* _Dataset content_:
┌──

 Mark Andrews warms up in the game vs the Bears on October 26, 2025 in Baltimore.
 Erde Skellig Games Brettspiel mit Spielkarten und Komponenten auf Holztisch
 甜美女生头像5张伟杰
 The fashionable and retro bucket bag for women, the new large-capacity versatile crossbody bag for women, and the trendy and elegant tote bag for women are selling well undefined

└──
┌──

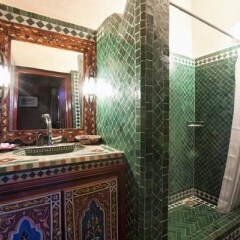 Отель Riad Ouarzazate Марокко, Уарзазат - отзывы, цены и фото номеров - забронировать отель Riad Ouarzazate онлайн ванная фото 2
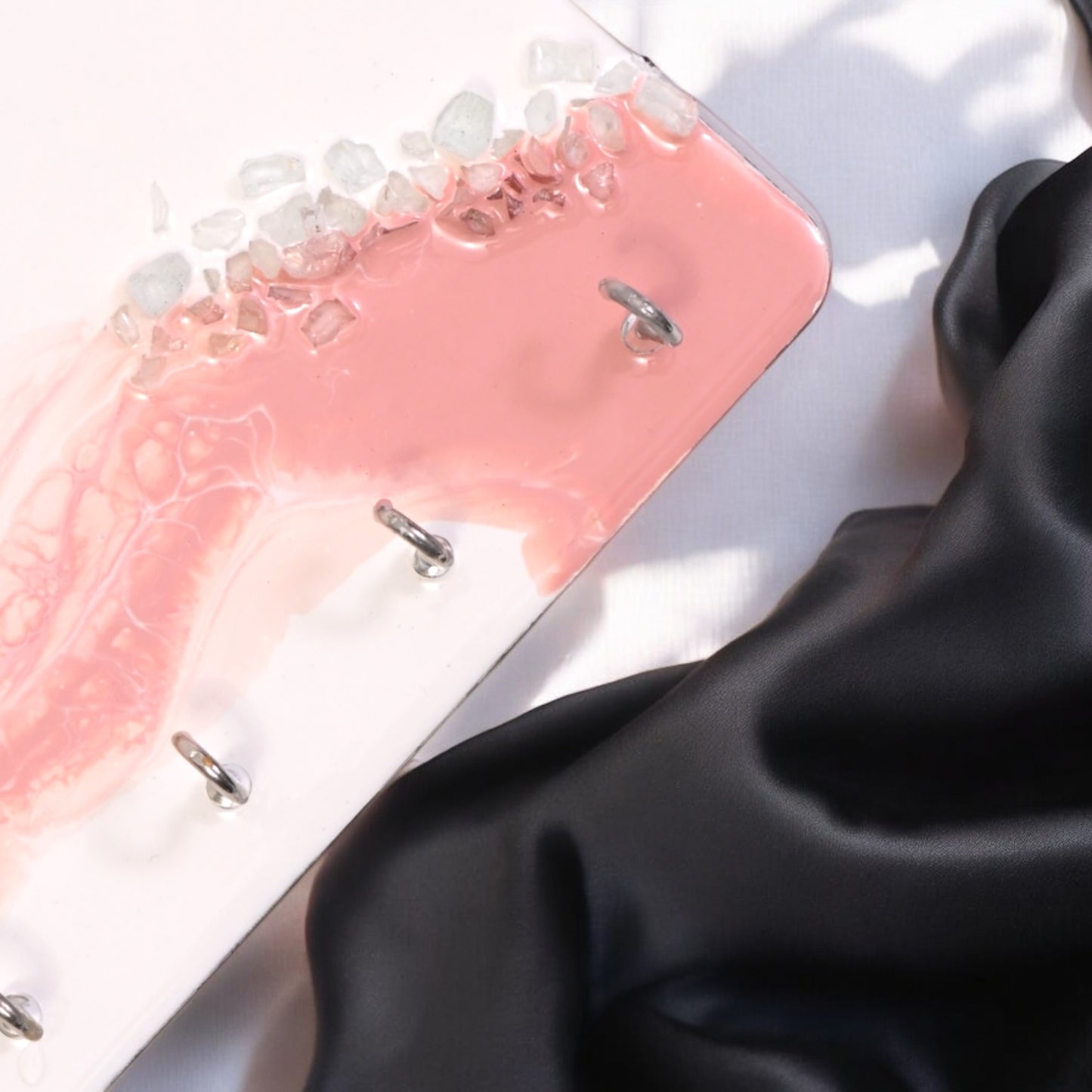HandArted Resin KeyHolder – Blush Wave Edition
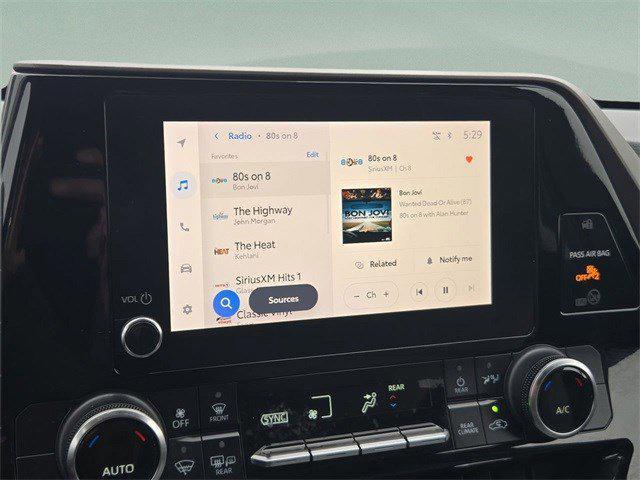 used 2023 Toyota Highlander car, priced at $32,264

└──

The lines to extract from the data above begin with the line containing "Mark Andrews warms" and end with the line containing "The fashionable and". Extract them exactly, including both.

 Mark Andrews warms up in the game vs the Bears on October 26, 2025 in Baltimore.
 Erde Skellig Games Brettspiel mit Spielkarten und Komponenten auf Holztisch
 甜美女生头像5张伟杰
 The fashionable and retro bucket bag for women, the new large-capacity versatile crossbody bag for women, and the trendy and elegant tote bag for women are selling well undefined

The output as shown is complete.